I took a huge social media break, both Facebook and Instagram, the longest I’ve ever been. I probably won’t ever come back to that account. I haven’t done any YouTube videos or posted any blogs here for a few months now. It was a needed break. I thought I was going to keep creating and expressing through these online platforms, but God had a different plan for me.
Without getting too much into the details and oversharing my private life here, I went through a really deep transformative experience that only God and I knew. It’s like for the very first time in my life I actually truly felt changed, and it is something I’ve never expected or hoped for. But this change is what was truly needed for me to escape the bondage I never knew existed my whole life.

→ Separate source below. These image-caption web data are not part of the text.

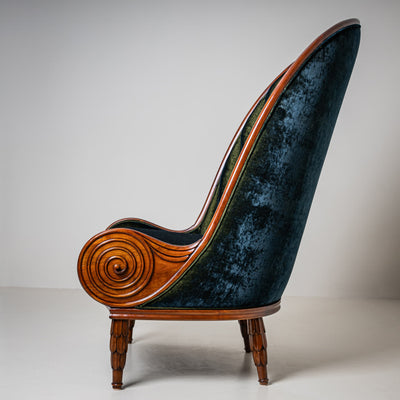 Pair of ‘Nautilus’ Armchairs by Paul Iribe for Annibale Colombo, Italy, 1980s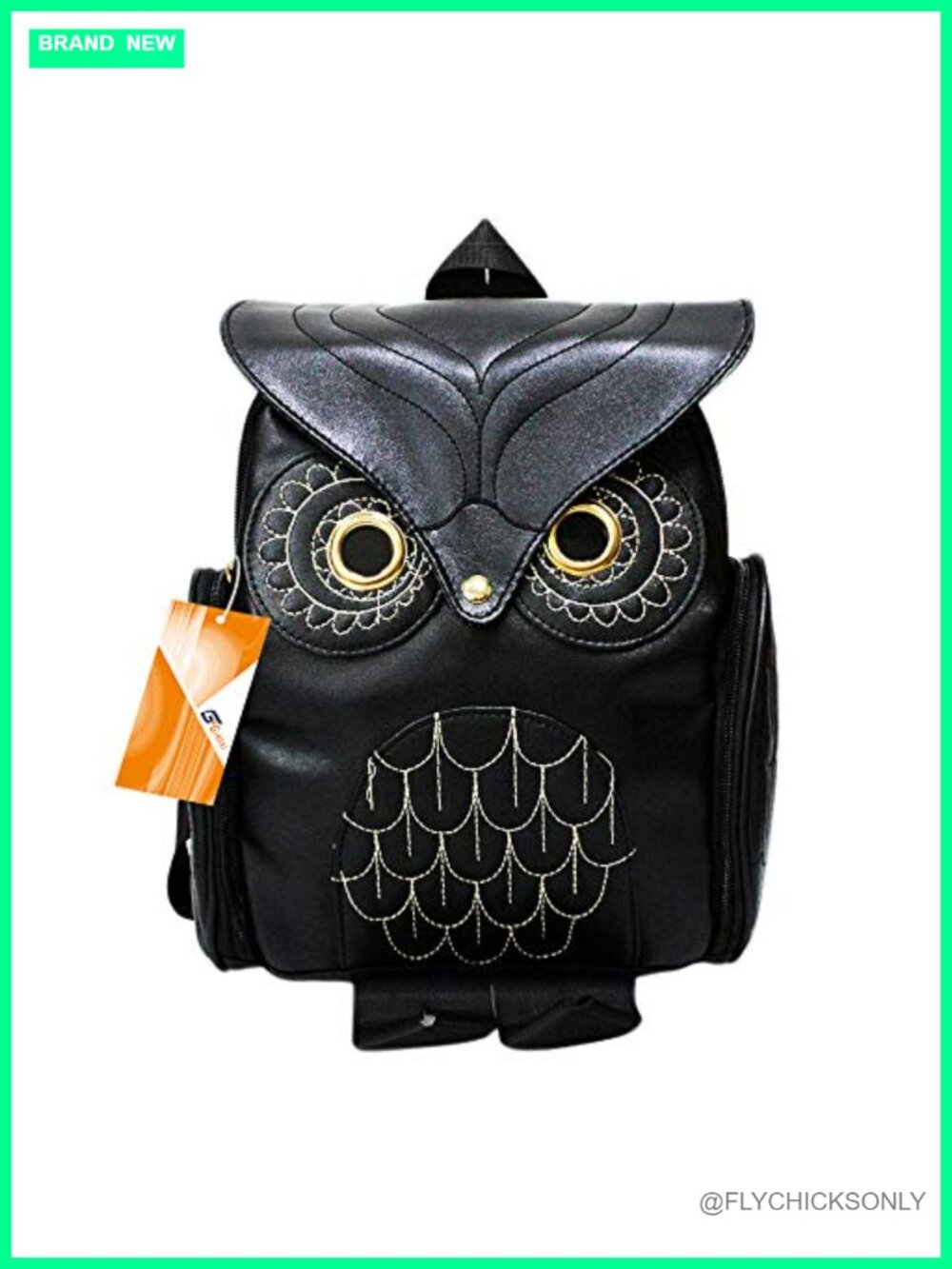 Pu Leather Owl Cartoon Backpack Fashion Casual Satchel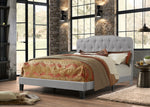 Modern Upholstered Full Panel Bed Frame with Button Tufting and Nailhead Trim (B87,B88,B102) by Quality Living Furniture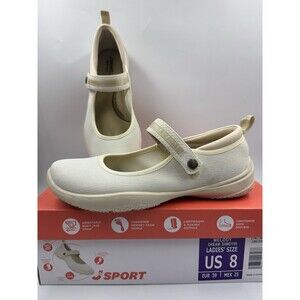 Jsport Womens Shoes Beige Mary Jane Memory Foam Contoured Arch Lightweight 8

I came back here to write again. To speak without any expectation of others reading this post, without performing, away from this influencer culture—that I need to be great or perfect or whatever it is that pressures me to be something I am not. I want simplicity again. Expression is healing for me, and yes, I am still in this cocoon, this hidden season, and yet I allow myself to come out here as if no one is reading this. I don’t know if that takes courage, but I know that it is healing for me to just share, even quietly. Perhaps my future self is going to thank me later.
With this transformation comes thoughts of me completely deleting this blog and deleting all my YouTube videos. I thought about it many times—if I should just vanish my presence online into thin air. No one will miss me, and I don’t really have that much of a following.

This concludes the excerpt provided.